Let $\Omega \subset \mathbb{R}^n$ ($n\geq 2$) a domain with smooth boundary. Consider a ball $B(x_0,R) \Subset \Omega$ . Is true that
$$ \int_{B(x_0,r)} | u - u_{x_0 , r}|^p \leq \int_{B(x_0,R)} | u - u_{x_0 , R}|^p,$$
for $u \in W^{1,p}(\Omega)(p >1)$ and for all $0 < r \leq R$, where $u_{x_0 , r} = \frac{1}{|B(x_0,r)|} \int_{B(x_0,r)} u $ and $u_{x_0 , R} = \frac{1}{|B(x_0,R)|} \int_{B(x_0,R)} u $. ?
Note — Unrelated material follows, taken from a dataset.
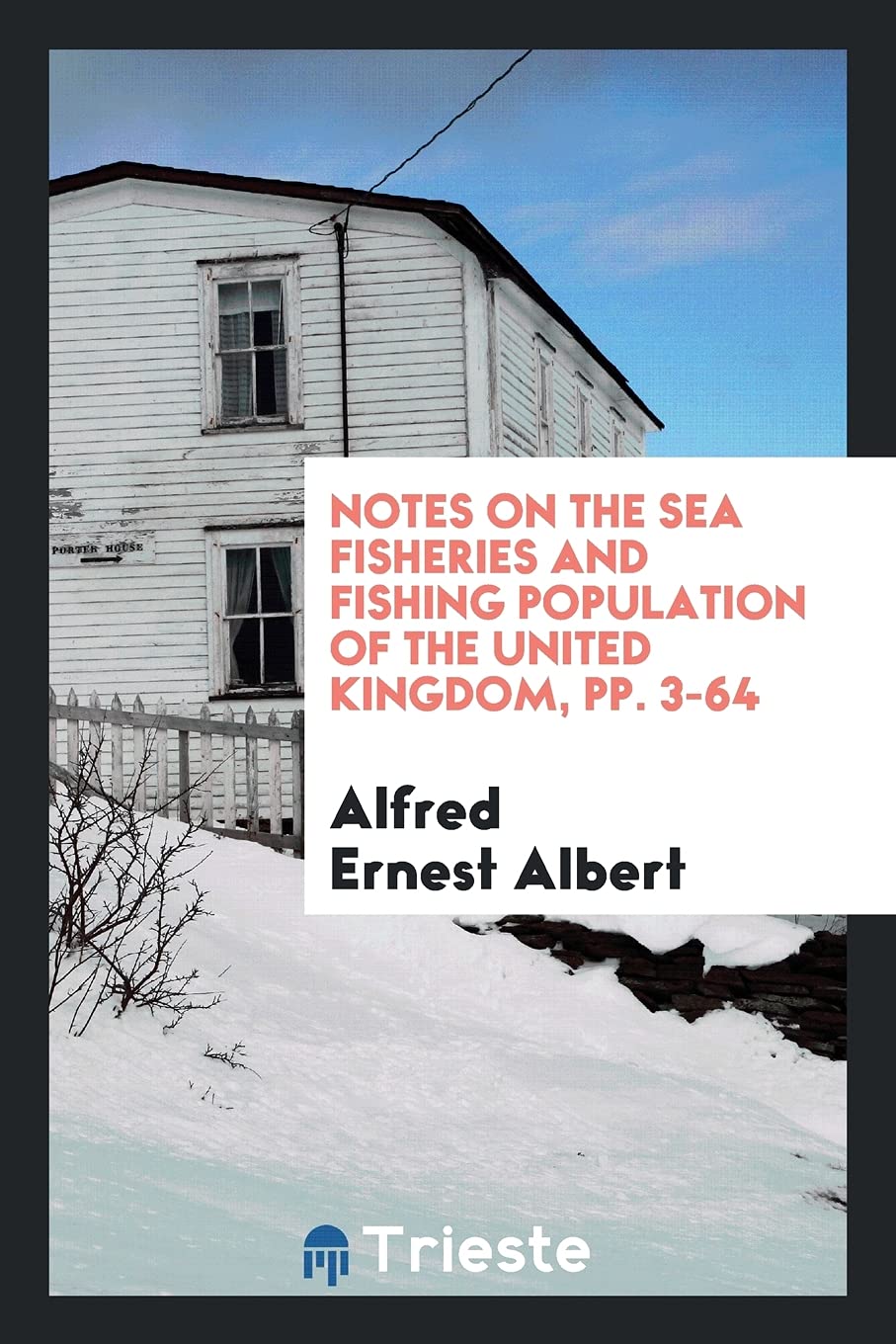 Notes on the Sea Fisheries and Fishing Population of the United Kingdom, Pp. 3-64 Books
I know that the inequality is true for $p=2$. If the inequality is true for all $p>1$, I will understand an inequation of a paper that I am reading. There is a good time that I am searching for a reference ( I think that probably is true). But I did not find anything.
The case $p=2$ is special, because the mean minimizes $\int |u-c|^2$ among all $c\in\mathbb{R}$. It does not have such a property for $p\ne 2$, and there is no reason for the stated inequality to hold.
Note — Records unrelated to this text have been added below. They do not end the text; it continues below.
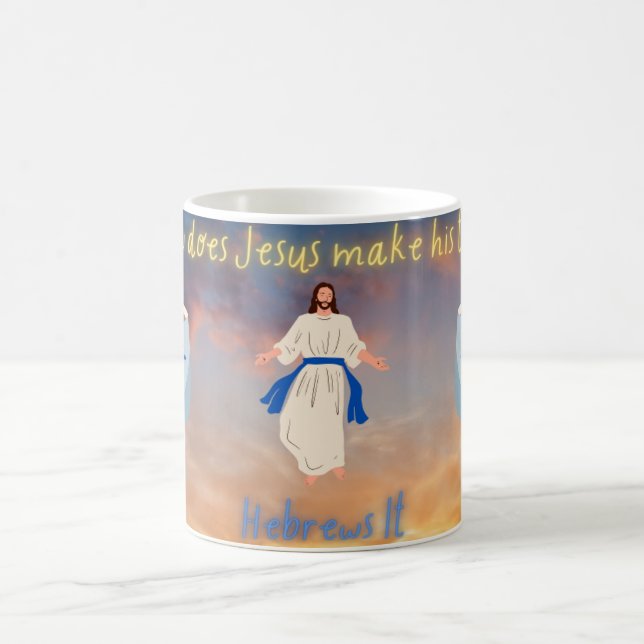 How does Jesus Make His Tea? Hebrews It. Coffee Mug (Center)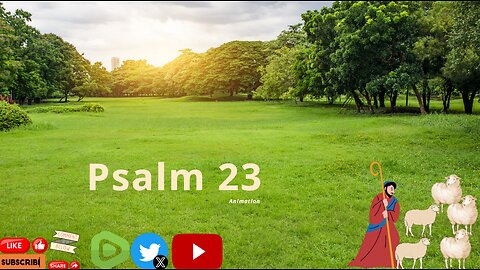 Bible - Psalm 23 - Animation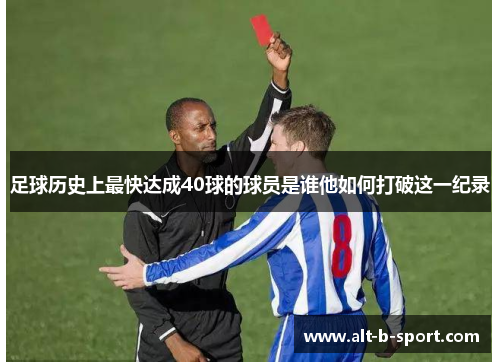 足球历史上最快达成40球的球员是谁他如何打破这一纪录 足球历史上最快达成40球的球员是谁他如何打破这一纪录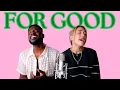 For Good - Ariana Grande \u0026 Cynthia Erivo | Ni/Co Cover #wicked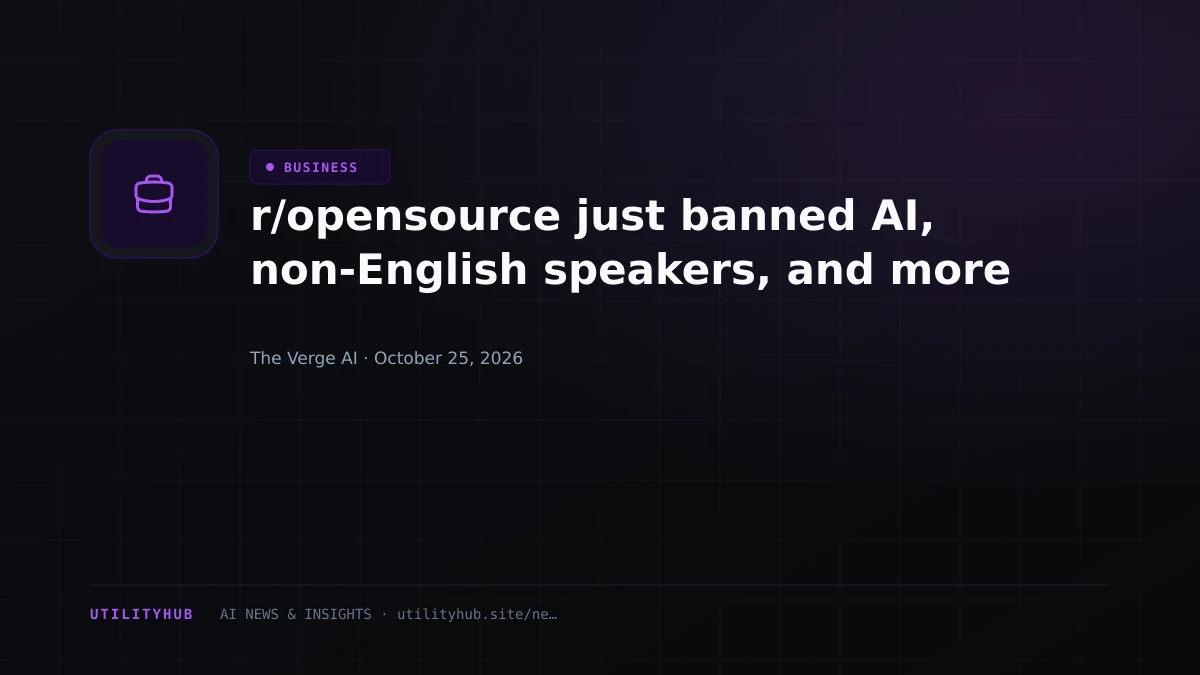 r/opensource just banned AI, non-English speakers, and more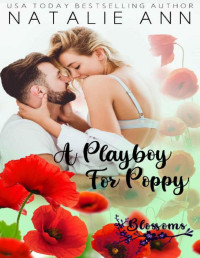 Natalie Ann — A Playboy For Poppy (Blossoms Book 2)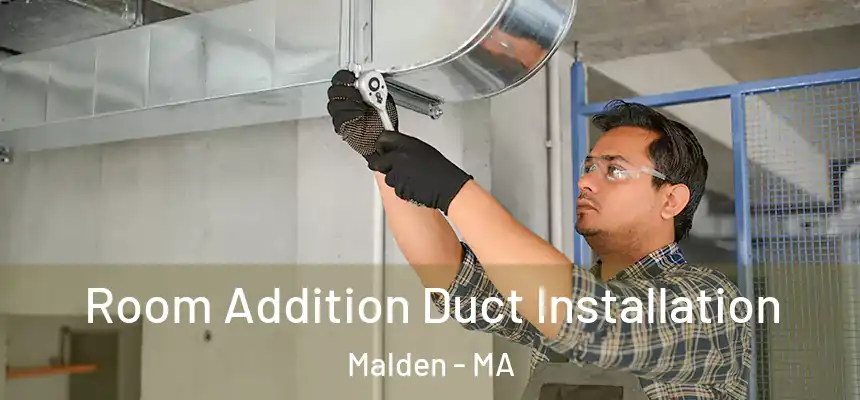 Room Addition Duct Installation Malden - MA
As PhoemueX noted, the Sobolev space is not really relevant: any $L^p$ function can be approximated by smooth functions in $L^p$ norm, and the quantities in your inequality are continuous in $L^p$ norm. So, I'm going to consider $u\in L^p$ to simplify things.
Here is a counterexample for large $p$. Let
$$u = \chi_{B(0,\rho)}+\chi_{B(0,R)\setminus B(0,r)}$$ where the radii are chosen so that the measures of balls are related as $$|B(0,\rho)|=\frac1{10} |B(0,r)|\quad \text{ and } \quad |B(0,R)| = 2(|B(0,r)|+|B(0,\rho)|)$$
On the ball $B(0,r)$, the mean of $u$ is $1/10$, hence $$\int_{B(0,r)} | u - u_{0 , r}|^p \ge \int_{B(0,\rho)} | u - u_{0 , r}|^p = \left(\frac{9}{10}\right)^p |B(0,\rho)|\tag1$$
On the ball $B(0,R)$, the mean of $u$ is $\frac12 $, hence $$\int_{B(0,R)} | u - u_{0 , R}|^p = \left(\frac12\right)^p |B(0,R)| \tag2$$
When $p$ is sufficiently large, $(1)$ is greater than $(2)$.